[Work instruction] Out of the material that follows, write out exactly the lines from the line with "Bed in Alpenglow Lodge by Elevate Vacations" to the line with "Front Seat of", both ends included, and no others.

[Source information]

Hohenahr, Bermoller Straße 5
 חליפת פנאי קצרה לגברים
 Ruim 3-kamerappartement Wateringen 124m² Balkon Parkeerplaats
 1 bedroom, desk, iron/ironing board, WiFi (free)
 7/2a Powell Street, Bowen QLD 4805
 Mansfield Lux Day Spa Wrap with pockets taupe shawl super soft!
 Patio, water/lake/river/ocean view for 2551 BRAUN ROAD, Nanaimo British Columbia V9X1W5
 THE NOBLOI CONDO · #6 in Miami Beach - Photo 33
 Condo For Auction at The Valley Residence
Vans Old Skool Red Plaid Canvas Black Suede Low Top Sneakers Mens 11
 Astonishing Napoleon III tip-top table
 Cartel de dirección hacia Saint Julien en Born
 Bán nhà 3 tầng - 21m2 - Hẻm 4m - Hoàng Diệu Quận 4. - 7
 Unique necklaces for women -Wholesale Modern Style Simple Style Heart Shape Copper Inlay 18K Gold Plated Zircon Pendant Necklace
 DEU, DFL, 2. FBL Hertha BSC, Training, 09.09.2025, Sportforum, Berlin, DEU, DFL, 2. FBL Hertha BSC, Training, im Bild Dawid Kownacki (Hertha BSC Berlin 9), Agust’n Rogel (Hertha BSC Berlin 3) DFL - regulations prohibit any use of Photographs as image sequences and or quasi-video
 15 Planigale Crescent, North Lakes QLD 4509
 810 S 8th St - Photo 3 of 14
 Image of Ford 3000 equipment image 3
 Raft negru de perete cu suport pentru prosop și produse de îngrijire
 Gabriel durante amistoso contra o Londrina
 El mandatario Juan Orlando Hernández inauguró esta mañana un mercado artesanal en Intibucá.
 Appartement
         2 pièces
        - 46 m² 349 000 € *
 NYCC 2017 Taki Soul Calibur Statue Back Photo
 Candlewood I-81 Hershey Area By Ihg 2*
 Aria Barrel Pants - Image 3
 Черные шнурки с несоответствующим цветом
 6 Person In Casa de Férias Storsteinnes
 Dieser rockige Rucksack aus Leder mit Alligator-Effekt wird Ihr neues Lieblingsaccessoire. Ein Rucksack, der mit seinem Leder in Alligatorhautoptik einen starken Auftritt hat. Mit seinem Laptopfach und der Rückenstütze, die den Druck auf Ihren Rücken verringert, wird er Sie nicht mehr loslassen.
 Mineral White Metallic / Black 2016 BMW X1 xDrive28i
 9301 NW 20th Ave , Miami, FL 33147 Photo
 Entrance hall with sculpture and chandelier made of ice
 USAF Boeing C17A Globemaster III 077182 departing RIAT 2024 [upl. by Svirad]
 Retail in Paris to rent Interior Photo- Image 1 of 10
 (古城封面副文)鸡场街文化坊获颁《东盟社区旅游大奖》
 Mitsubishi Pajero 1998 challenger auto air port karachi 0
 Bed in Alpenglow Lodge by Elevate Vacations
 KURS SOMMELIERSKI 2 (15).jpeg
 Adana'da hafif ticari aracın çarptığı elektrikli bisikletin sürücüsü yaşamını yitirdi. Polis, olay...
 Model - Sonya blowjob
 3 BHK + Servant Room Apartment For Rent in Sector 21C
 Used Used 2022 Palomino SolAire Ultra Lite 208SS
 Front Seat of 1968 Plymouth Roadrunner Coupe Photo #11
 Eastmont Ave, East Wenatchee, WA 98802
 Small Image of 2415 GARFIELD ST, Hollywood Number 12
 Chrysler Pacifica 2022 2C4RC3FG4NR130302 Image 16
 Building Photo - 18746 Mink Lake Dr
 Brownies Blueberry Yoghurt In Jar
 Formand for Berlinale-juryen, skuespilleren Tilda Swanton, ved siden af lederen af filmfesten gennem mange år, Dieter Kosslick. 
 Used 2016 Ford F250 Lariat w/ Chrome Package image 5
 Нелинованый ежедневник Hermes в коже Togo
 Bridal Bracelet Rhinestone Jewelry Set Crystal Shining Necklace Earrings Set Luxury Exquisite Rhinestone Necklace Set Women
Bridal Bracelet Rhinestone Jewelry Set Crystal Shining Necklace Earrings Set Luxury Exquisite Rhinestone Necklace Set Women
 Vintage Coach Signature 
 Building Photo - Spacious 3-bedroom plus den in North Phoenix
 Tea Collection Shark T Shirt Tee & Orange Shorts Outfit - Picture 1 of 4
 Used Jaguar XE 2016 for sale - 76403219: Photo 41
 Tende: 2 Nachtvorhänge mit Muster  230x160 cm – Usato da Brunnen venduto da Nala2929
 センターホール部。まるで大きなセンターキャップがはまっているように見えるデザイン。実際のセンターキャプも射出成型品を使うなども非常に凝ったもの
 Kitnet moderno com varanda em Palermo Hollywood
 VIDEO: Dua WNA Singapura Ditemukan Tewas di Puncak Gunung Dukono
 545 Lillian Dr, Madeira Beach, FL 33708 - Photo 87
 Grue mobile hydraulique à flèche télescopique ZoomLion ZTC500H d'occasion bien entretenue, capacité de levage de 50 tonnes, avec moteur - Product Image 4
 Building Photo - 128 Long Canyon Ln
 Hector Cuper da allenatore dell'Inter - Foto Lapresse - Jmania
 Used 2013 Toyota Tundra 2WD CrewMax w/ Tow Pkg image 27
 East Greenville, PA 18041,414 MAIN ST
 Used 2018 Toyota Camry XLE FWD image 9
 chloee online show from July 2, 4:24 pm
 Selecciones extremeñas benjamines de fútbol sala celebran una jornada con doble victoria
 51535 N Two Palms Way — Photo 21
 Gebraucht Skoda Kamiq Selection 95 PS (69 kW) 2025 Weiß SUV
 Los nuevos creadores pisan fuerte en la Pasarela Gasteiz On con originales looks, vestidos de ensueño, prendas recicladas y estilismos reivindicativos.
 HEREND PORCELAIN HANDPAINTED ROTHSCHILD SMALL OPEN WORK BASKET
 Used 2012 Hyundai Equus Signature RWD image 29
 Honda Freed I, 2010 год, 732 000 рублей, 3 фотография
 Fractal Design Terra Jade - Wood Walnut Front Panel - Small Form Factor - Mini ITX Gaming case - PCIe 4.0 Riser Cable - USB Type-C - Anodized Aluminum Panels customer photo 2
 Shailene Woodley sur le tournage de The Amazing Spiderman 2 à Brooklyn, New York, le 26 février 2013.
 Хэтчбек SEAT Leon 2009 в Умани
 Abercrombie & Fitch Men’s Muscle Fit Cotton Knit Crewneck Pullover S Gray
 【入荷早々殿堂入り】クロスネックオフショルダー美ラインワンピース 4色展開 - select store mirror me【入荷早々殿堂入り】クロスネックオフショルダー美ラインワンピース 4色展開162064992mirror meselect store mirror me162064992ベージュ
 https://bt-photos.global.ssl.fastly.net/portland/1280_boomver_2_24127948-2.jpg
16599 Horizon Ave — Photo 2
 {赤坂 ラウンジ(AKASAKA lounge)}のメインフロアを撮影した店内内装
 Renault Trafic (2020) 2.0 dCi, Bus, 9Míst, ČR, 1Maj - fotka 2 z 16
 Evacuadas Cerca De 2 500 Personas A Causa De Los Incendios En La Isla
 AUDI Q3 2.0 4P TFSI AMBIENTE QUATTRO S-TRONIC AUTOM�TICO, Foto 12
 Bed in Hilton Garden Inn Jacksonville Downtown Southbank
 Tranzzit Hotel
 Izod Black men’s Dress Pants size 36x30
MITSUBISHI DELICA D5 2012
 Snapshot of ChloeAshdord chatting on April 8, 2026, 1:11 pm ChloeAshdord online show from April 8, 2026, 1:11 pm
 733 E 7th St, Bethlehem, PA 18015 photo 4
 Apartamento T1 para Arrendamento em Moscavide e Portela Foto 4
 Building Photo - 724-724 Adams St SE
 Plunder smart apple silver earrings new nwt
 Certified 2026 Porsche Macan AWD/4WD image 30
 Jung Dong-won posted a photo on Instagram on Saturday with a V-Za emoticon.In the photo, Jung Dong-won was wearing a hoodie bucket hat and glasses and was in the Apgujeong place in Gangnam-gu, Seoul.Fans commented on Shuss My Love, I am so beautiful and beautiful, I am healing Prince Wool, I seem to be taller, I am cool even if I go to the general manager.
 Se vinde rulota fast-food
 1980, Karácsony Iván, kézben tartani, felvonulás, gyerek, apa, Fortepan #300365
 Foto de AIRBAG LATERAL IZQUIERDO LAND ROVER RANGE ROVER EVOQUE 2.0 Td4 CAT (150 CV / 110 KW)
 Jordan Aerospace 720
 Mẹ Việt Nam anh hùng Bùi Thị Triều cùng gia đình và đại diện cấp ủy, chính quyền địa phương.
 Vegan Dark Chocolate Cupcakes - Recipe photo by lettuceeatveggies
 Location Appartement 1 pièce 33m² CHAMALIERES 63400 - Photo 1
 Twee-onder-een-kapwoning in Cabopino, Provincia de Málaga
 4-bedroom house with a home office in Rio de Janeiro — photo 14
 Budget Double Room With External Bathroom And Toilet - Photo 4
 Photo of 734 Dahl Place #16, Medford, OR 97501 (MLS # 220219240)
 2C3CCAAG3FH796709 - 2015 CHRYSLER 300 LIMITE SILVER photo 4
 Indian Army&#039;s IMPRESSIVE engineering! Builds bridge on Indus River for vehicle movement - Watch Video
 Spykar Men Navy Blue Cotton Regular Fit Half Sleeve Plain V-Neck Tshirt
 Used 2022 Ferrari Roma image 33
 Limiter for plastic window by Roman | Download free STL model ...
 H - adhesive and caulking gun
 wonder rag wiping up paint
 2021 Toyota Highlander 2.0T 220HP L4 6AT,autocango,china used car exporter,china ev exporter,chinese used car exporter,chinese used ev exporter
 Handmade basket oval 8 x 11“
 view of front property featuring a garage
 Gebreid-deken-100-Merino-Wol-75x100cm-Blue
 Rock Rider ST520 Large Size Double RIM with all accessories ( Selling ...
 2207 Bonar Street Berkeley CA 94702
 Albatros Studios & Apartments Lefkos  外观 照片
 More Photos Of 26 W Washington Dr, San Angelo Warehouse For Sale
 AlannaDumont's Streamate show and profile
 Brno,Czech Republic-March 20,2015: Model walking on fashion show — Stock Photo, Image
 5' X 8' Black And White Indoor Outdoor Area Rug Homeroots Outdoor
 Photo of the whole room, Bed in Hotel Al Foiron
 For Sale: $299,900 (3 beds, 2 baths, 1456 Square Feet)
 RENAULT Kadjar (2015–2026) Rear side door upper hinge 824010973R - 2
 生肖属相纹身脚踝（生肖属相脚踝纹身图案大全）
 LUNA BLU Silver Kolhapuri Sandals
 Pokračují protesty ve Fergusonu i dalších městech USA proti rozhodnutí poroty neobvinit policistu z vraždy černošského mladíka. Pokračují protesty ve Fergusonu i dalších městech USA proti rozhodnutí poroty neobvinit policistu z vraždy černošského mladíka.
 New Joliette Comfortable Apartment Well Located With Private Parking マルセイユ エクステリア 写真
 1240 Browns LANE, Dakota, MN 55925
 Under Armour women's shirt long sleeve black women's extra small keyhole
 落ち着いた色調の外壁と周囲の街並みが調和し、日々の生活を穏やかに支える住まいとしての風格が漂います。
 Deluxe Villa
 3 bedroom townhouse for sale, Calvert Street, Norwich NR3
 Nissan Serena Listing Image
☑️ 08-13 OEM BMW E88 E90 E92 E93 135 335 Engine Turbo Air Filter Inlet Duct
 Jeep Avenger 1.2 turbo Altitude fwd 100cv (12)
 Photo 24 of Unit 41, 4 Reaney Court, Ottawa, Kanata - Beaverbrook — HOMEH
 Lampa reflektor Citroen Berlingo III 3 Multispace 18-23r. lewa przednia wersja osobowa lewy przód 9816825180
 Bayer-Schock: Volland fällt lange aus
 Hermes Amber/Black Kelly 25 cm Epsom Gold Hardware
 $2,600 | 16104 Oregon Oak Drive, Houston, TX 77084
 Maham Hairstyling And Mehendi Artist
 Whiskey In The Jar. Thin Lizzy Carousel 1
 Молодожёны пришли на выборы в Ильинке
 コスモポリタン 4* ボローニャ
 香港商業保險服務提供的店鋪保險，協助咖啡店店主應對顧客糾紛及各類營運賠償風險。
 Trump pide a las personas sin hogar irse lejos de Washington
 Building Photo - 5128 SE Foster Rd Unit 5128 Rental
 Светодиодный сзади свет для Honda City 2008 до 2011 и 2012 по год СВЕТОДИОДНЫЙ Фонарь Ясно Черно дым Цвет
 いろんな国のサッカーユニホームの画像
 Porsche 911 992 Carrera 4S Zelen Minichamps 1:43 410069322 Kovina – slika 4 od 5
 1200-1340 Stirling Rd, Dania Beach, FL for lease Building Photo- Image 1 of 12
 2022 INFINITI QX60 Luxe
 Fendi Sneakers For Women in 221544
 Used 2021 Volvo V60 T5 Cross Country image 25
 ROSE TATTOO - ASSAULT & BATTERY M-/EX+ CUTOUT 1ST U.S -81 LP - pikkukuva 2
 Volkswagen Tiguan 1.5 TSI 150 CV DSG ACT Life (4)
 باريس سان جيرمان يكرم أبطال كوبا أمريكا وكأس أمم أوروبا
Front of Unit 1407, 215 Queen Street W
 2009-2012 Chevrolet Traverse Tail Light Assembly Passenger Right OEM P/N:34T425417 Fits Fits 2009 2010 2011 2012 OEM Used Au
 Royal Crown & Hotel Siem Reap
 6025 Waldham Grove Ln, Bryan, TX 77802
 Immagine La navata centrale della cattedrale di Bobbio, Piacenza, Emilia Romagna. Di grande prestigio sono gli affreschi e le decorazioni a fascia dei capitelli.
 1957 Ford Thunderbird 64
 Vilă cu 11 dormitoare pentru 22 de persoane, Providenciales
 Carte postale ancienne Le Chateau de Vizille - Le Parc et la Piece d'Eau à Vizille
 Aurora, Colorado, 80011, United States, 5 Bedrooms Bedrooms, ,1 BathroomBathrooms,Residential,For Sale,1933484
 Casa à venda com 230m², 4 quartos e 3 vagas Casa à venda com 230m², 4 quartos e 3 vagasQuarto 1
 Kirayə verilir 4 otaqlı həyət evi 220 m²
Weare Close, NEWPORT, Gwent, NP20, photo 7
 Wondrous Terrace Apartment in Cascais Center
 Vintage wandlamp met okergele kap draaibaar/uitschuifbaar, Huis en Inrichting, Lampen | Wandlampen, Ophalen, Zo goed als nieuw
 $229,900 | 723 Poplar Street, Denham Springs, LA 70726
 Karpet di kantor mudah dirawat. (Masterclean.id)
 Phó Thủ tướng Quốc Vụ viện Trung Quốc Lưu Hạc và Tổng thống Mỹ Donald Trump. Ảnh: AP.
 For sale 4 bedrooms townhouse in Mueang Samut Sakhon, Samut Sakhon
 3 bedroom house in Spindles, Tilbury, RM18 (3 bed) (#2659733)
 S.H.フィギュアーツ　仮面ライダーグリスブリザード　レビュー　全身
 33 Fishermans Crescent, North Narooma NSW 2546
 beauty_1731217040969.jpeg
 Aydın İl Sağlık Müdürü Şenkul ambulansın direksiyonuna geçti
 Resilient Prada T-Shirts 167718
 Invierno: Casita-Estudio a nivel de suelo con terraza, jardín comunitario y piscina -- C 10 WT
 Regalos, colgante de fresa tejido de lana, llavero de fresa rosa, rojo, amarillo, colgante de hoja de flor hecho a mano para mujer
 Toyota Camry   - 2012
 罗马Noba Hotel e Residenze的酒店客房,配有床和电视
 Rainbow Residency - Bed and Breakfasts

[Task answer]
 Bed in Alpenglow Lodge by Elevate Vacations
 KURS SOMMELIERSKI 2 (15).jpeg
 Adana'da hafif ticari aracın çarptığı elektrikli bisikletin sürücüsü yaşamını yitirdi. Polis, olay...
 Model - Sonya blowjob
 3 BHK + Servant Room Apartment For Rent in Sector 21C
 Used Used 2022 Palomino SolAire Ultra Lite 208SS
 Front Seat of 1968 Plymouth Roadrunner Coupe Photo #11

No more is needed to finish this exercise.